Correspondence from Aleister Crowley to David Curwen
The Ridge, Hastings
22nd January 1946
Care Frater,
Do what thou wilt shall be the whole of the Law.
I am now getting a little more leisure and hasten to reply to your recent letters
I hope that by now you have made contact with one or more of the people whose names and addresses I gave, and found that among them there were at least who could be useful to you.
I should like to point out that in the MS documents which I lent you was a great deal of technical information. I think I told you personally that my first reaction was rather sceptical and that I did not take it up seriously until my startling success with the method in Tunis in the Winter of 1913.[1]
But you can only get the full value from experience, and experience comes by practice. I hope that you have found a suitable partner for these experiments.
Immediately after you had left I myself began to make experiments on the lines which you suggested, though of course I did not begin with any sulfurous demonstrations. Do I understand that ordinary powdered sulfur in more or less continual contact with the skin is sufficient, and how long should this treatment be continued.
As to the experiment itself, I found, as I expected that experience confirmed many of your statements. What you said about taste in particular was perfectly accurate, and I do not think there was any autosuggestion in my feeling that a distinct stimulus was afforded it at the moment. I should compare it roughly as that of a small whisky.
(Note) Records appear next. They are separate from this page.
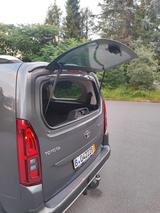 Toyota Proace City 1,2-l-Turbo 96kW L2 Team Deutsch... - Toyota PROACE CITY 7-Sitzer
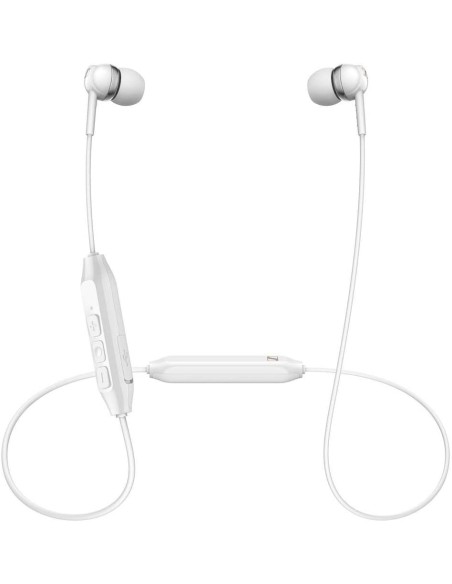 Auriculares collar Micro Sennheiser Cx 150 Bluetooth Blanco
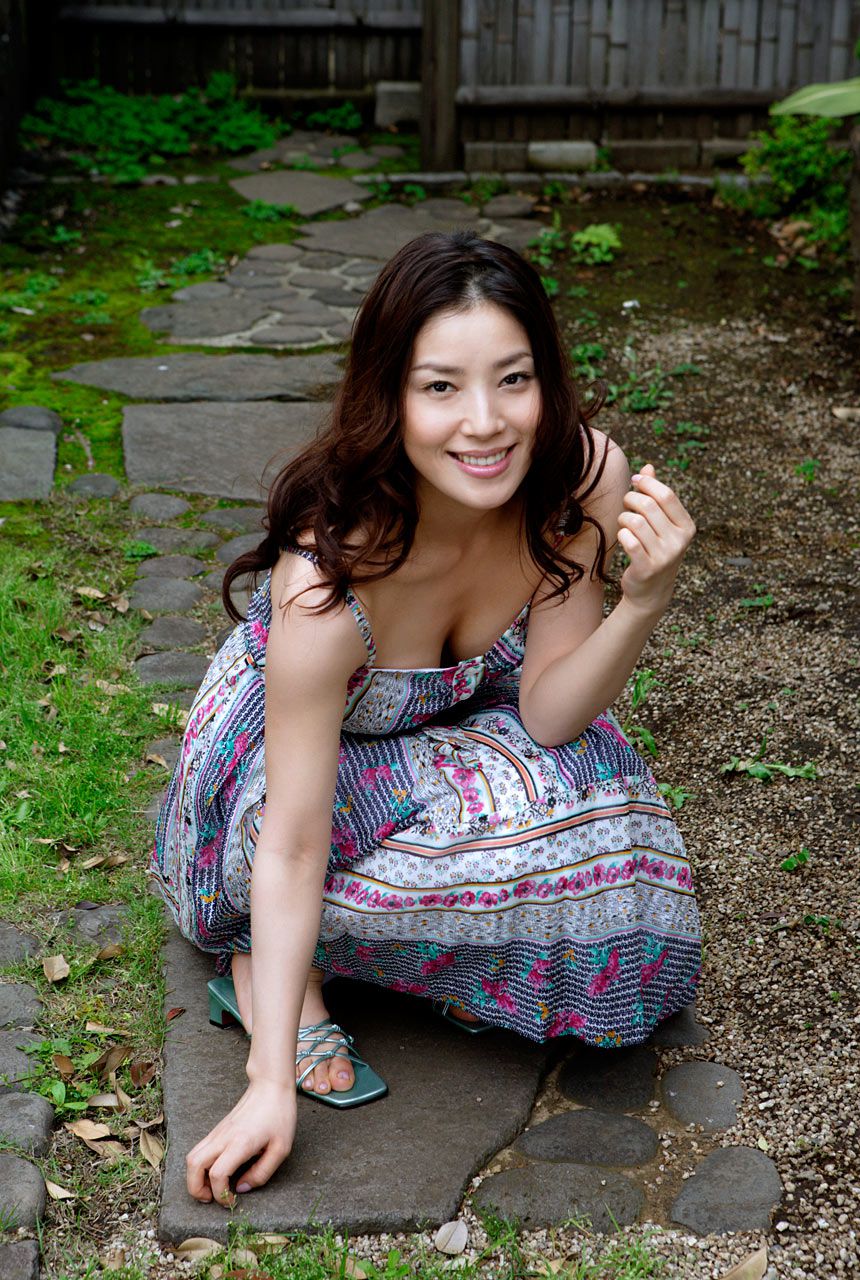 嘉門洋子 《the adult》-图23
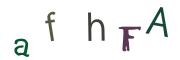 CAPTCHA con immagine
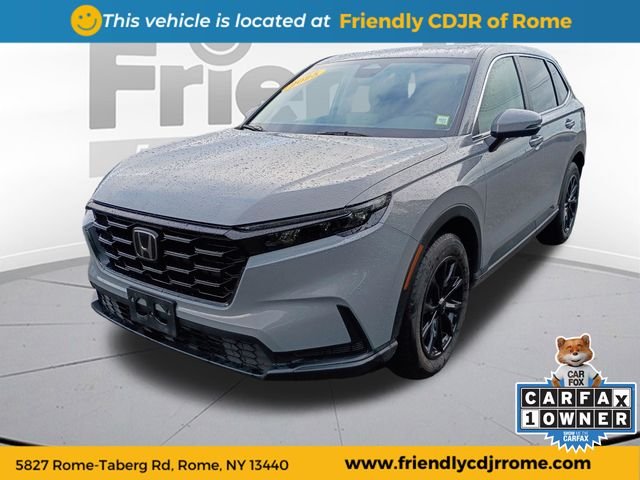 2025 Honda CR-V EX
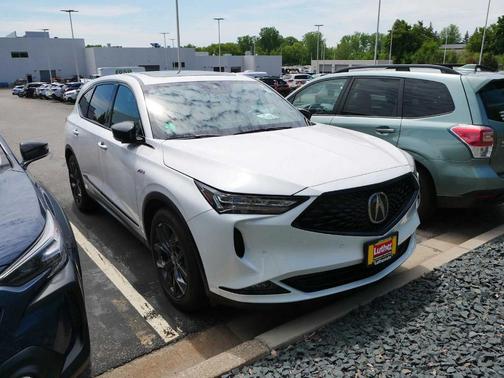 2023 Acura MDX A-Spec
On the other hand it is rather a bore, and I feel that I want a little more result for my pains. Perhaps the preliminary treatment with sulfur is what is wanted and I should be very grateful to you if you would let me have further details about this.
I was sorry that your visit the other day was so short. There is a great deal which I could tell you if we had more leisure. Perhaps you can arrange for another visit in the near future.
By the way it might interest you to meet some of the very young generation. I should perhaps have mentioned the man in my previous letter, but I was overworked and nervous. The name is
G. Kenneth Grant, 88 St. Andrews Road, Ilford, Essex.
I believe he works for a bookseller in the City and it should therefore be easy for you to arrange to lunch together. He is a very strange though decidedly interesting man, and I should very much value your opinion of him. Do you think in particular that he can ever develop into a responsible leader? He was down here for some weeks with me, but under rather trying conditions for him and I feel that I may have treated him too severely.
I think that is all that I have to tell you for the present. I could give you a number of names and addresses when I see you. I can also show you various documents and photographs connected with the Order.
For one thing, I feel that you do not understand our present position in England as I should like you to do. I feel that the somewhat unsatisfactory position of affairs in this country is largely my fault, and I should like to explain to you how severe have been many of the obstacles in my way.
Love is the law, love under will.
Yours fraternally,
1—Crowley did not visit Tunis in the winter of 1913. It seems likely that Crowley is actually referring to Paris, not Tunis, where he prepared his first systematic exploration of sexual magic, which he commenced with Victor Neuburg on New Year's Eve 1913-1914.